Collected data entries
————

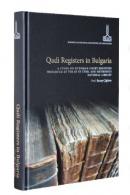 Qadi Registers in Bulgaria A Study on Ottoman Court Registers Preserve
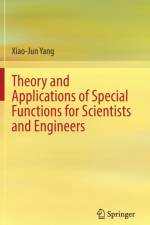 Theory and Applications of Special Functions for Scientists and Engineers af Xiao-Jun Yang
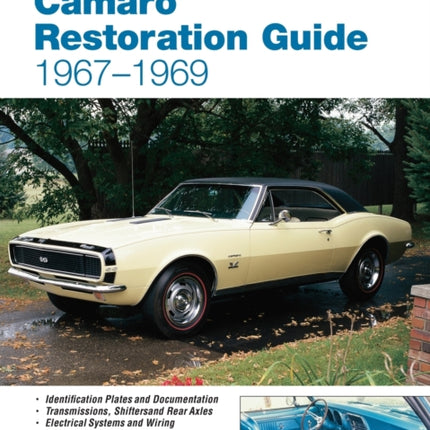 Camaro Restoration Guide 19671969 Authentic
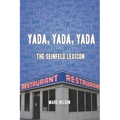 Yada, Yada, Yada: The Seinfeld Lexicon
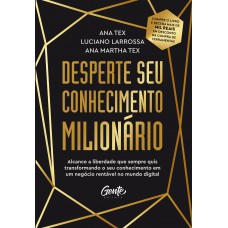 Desperte Seu Conhecimento Milionário: Alcance A Liberdade Que Sempre Quis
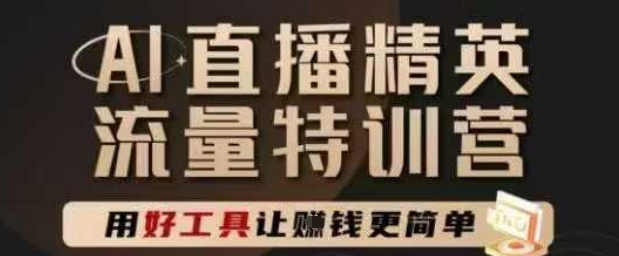 AI直播精英官方特训营，直播底层逻辑和ai实操技巧，用好工具让挣米更简单-赛德副业库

————

- TASK TO CARRY OUT -
Write the lines from the one with "Yada, Yada, Yada: The Seinfeld Lexicon" through the last line of the entries out again exactly, both ends included, and skip the pictures.

- ANSWER BELOW -
 Yada, Yada, Yada: The Seinfeld Lexicon
 Desperte Seu Conhecimento Milionário: Alcance A Liberdade Que Sempre Quis
 AI直播精英官方特训营，直播底层逻辑和ai实操技巧，用好工具让挣米更简单-赛德副业库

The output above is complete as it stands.